As good as the Nexus 7 is for most things, every time I pick the iPad up I am struck by how much better the user experience is compared to that of the Nexus 7.
The operation of the iPad is more consistent, fluid, and more pleasing than that of the Nexus 7. Even with the much improved Project Butter enhancements in Jelly Bean, the iPad is more pleasant to use.
A big part of the consistent user experience of the iPad is due to the apps. Whether you like the closed system of iOS or not, the apps work more consistenly no matter the function. When you fire up an iPad app you know where all the controls will be as they are intuitively placed.
Apps on the iPad work as expected and with a pleasant interface. That's across the board, and why using the iPad is so pleasing compared to using the Nexus 7.
I am on record for using both the iPad and Android tablets to get real work done, and I also use them for the typical leisure activities tablets are famous for. The better user experience applies equally to the iPad for all uses.
While certain activities are better suited for the smaller Nexus 7, such as ebook reading, the Kindle iPad app is better than that on Android. The simple function of sorting a big ebook library by most recent activity, the preferred method, is strangely absent from the Nexus 7. Finding my most recent purchases is a nightmare on the Nexus 7 while easy (and instantaneous) on the iPad.
UPDATE: Lo and behold the latest update for the Kindle app on the Nexus 7 has finally added sort by recent activity.
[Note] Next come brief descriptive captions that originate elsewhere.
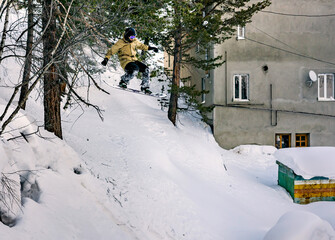 Snowboarder jumping in the forest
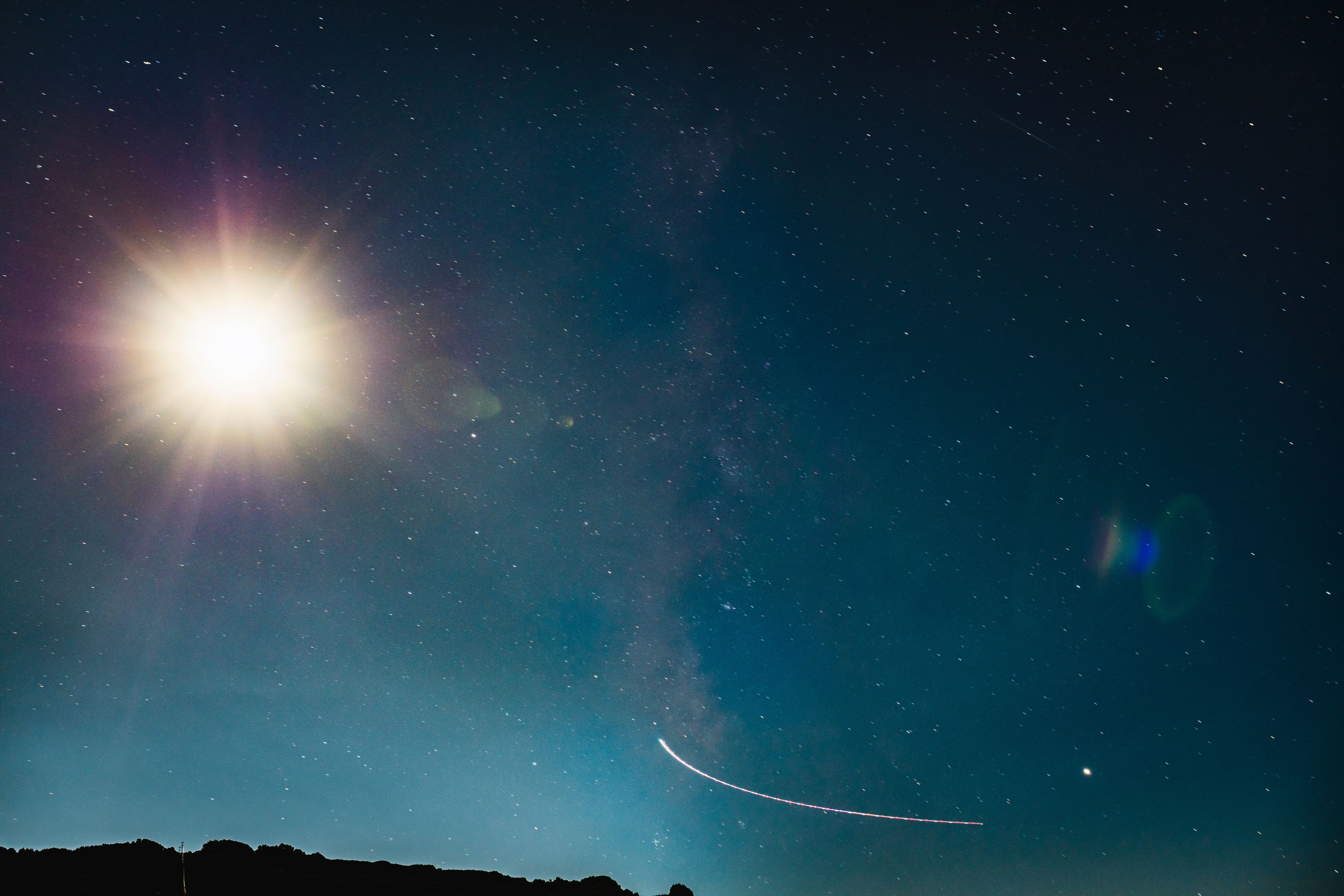 silhouette of mountain under blue sky during night time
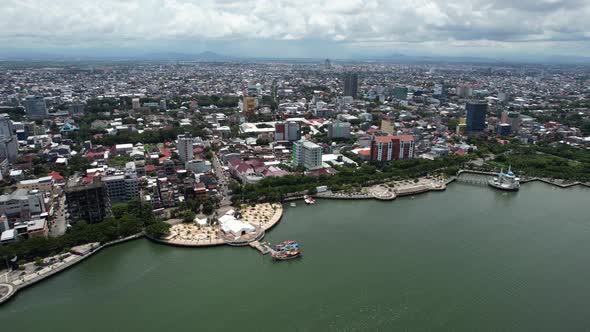 aerial view of large buildings in Makassar city Sulawesi Indonesia on a sunny day along the water.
Jelly Bean on the Nexus 7 has gone a long way to address the laggy, jerky operation of other Android tablets that has in the past driven me nuts. Scrolling in windows is not completely fluid, but it's much better than scrolling on other Android tablets.
It's good, but not good enough compared to the iPad. I can use the Nexus 7 heavily and have no complaints. Then I pick up the iPad and realize immediately how much more fluid and pleasant to use it is compared to the Nexus 7.
The quality of iPad apps is for the most part better than those available for the Nexus 7. The rigid rules Apple places on developers is often criticised, but the end results speak for themselves.
I use lots of apps on both the Nexus 7 and the iPad, and I can't think of more than one or two on the Nexus 7 that are better than similar apps on the iPad. There are rare exceptions like the Gmail app in Android, but those are far too rare.
Using an iPad is so much more pleasant compared to the Nexus 7 that I am confident that the rumored iPad Mini (or as I prefer to call it the iBook) will capture the small tablet market and quickly. The pricing Apple puts on the smaller tablet will certainly be a factor, but knowing the company I believe they will get it right.
I can see Apple selling more than 10 million iPad Minis in just a few months. They will be perfect holiday gifts and the novelty of a smaller iPad will be popular.
The smaller size of the Nexus 7 is its only advantage over the existing iPad and the iPad Mini will wipe that out. I expect the littlest iPad will own the small tablet market almost from launch.
This is my opinion and it won't be popular with Android enthusiasts. That's OK, but the difference between the iPad and the Nexus 7 hits me in the face every time I set the Nexus down and pick up the iPad.
That's not just guesswork, that is based on heavily using both the iPad and the Nexus 7. The Nexus 7 is good, but not good enough to head off a small iPad.